El asesinato de Benazir Bhutto abrió el camino a la derrota de Musharraf y dio su espacio en el Estado pakistaní a los talibán. La salida a la luz de Vlamidir Putin, nuestro enemigo, pero un enemigo respetable, acabó con el oprobioso período vodkacrático de Yeltsin, incorporando a las mafias al funcionamiento del Estado ruso, ya que era imposible combatirlas. La muerte de los hermanos Kennedy, John y Bob, y de Martin Luther King retrasó el imparable proceso de los derechos civiles, lo que dio lugar a la descristianización y, en la mayoría de los casos, islamización del movimiento negro, de manera tal que cuando un negro accede a la presidencia de los Estados Unidos resulta ser el peor negro posible.

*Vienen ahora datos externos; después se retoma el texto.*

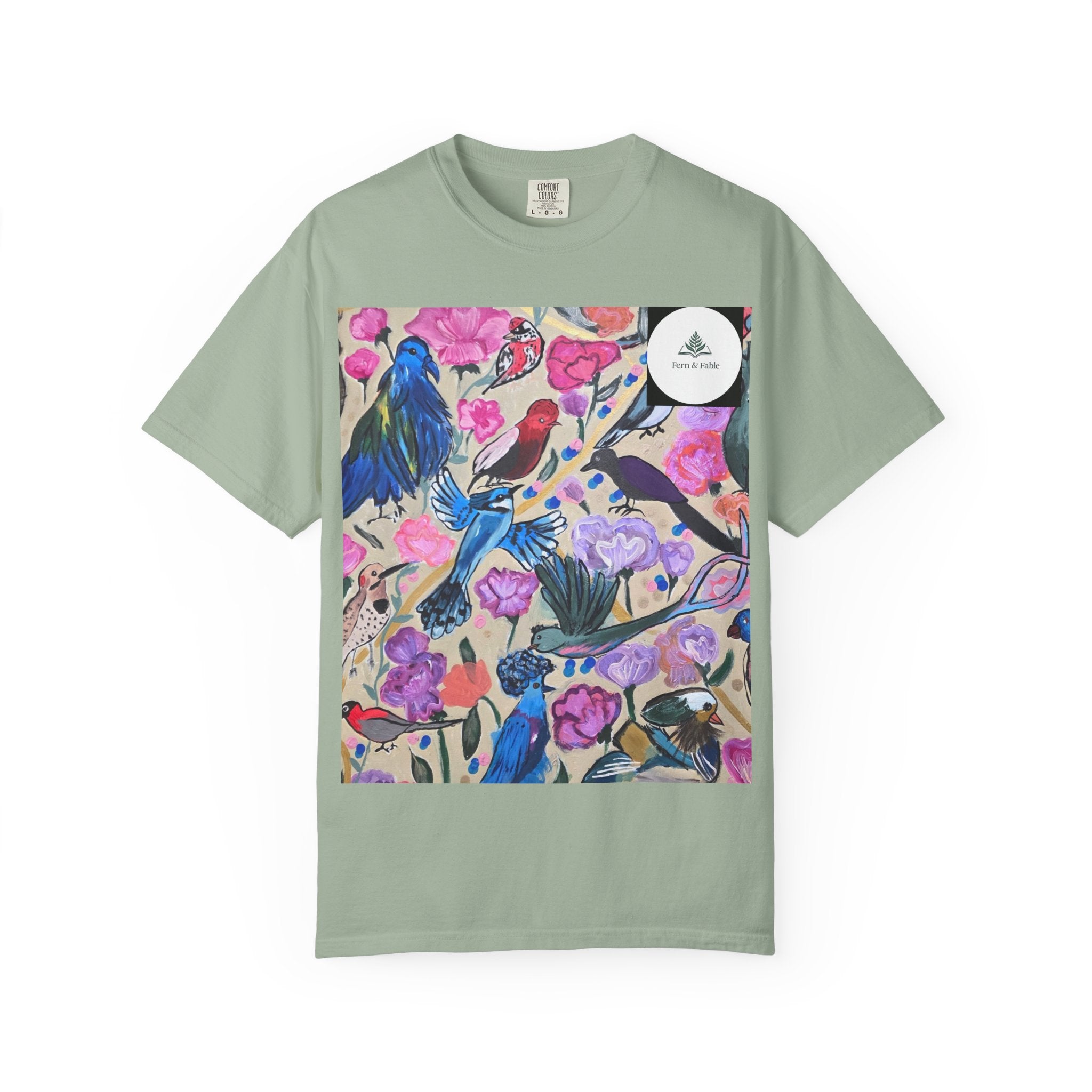Floral Hummingbird T-Shirt — "Do Good Be Good Stay Queen" Back Print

Perón no fue asesinado, pero en sus últimos tiempos contaba con esa posibilidad como nunca antes en su larga carrera, y su muerte, como antes la del general Aramburu, él sí asesinado, aceleró un proceso de descomposición que tal vez sólo él podía haber evitado. La muerte a Aldo Moro impidió en Italia la realización de un gran acuerdo nacional destinado a reforzar el Estado, una entidad hoy casi inexistente en Italia, ese país europeo que, como cuenta Roberto Saviano en su imprescindible Gomorra, ha sido el primero del continente en adoptar, en su mitad sur, la economía de plantación industrial característica de China, con trabajo semiesclavo y marginalidad programada, cada vez más arraigado con los gobiernos de Berlusconi, tan parecido el hombre a sus pares Menem o Netanyahu, tan escasamente liberales como él. (No se engañen los liberales con los políticos que escogen el liberalismo como bandera verbal: desde la primera lectura, sus discursos carecen de todo nexo ideológico con la tradición liberal. Y si se lee bien el libro de Saviano, se entiende perfectamente que el régimen fiscal italiano, nada liberal, es uno de los causantes, seguramente el principal, de la desgracia socioeconómica de esa nación, prosperidad de las mafias incluida).

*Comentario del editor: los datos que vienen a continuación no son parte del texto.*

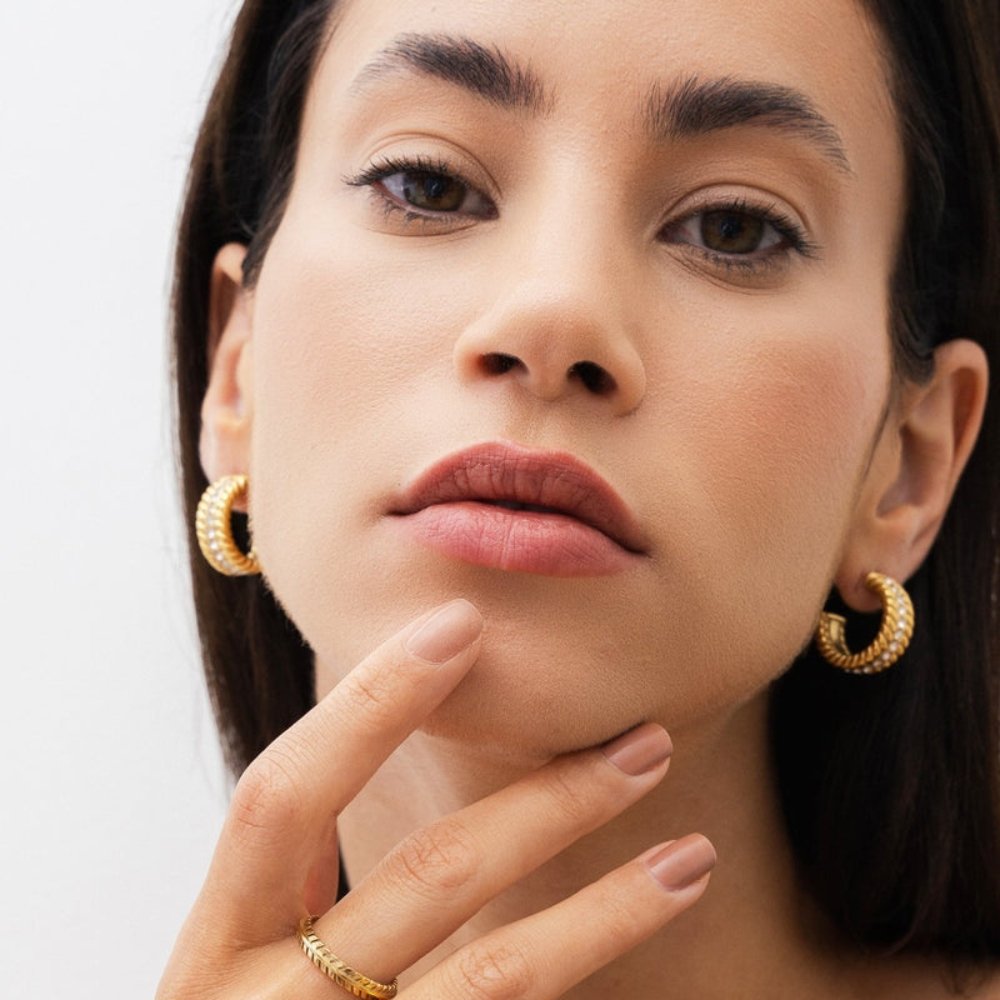 Gold-Plated Hoop Earring 18k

En España tenemos un grave problema: la alarmante falta de líderes reales. Felipe González demostró que los grandes seductores no son de fiar; y el balance de los años de gobierno del PSOE es terrorífico. José María Aznar se vio obligado por su propia coherencia a retirarse de la política activa: hizo una promesa, tal vez sin tener en consideración el carácter decisivo de su papel y seguramente convencido de que era reemplazable, de que el partido que había organizado podía sustituirlo, cuando ese partido estaba organizado únicamente en torno de su presencia. Rosa Díez posee un rol importante, pero es el del liderazgo de una minoría ilustrada que la secunda porque no encuentra una opción mejor, de modo que en su partido (al que pocos llaman UPyD, sino "el partido de Rosa Díez") ha devenido en una mezcolanza ideológica de lo más variopinta, en la que solo destaca como rasgo común la preocupación por la unidad de España y la reforma electoral, de imperiosa necesidad si queremos salir algún día de este régimen corrupto, sin división de poderes y sin un control real por los ciudadanos de la labor de sus políticos. Lo que no es poco, pero no es suficiente.
Se impone una revalorización urgente del papel del liderazgo en todo Occidente, y de manera muy especial en España.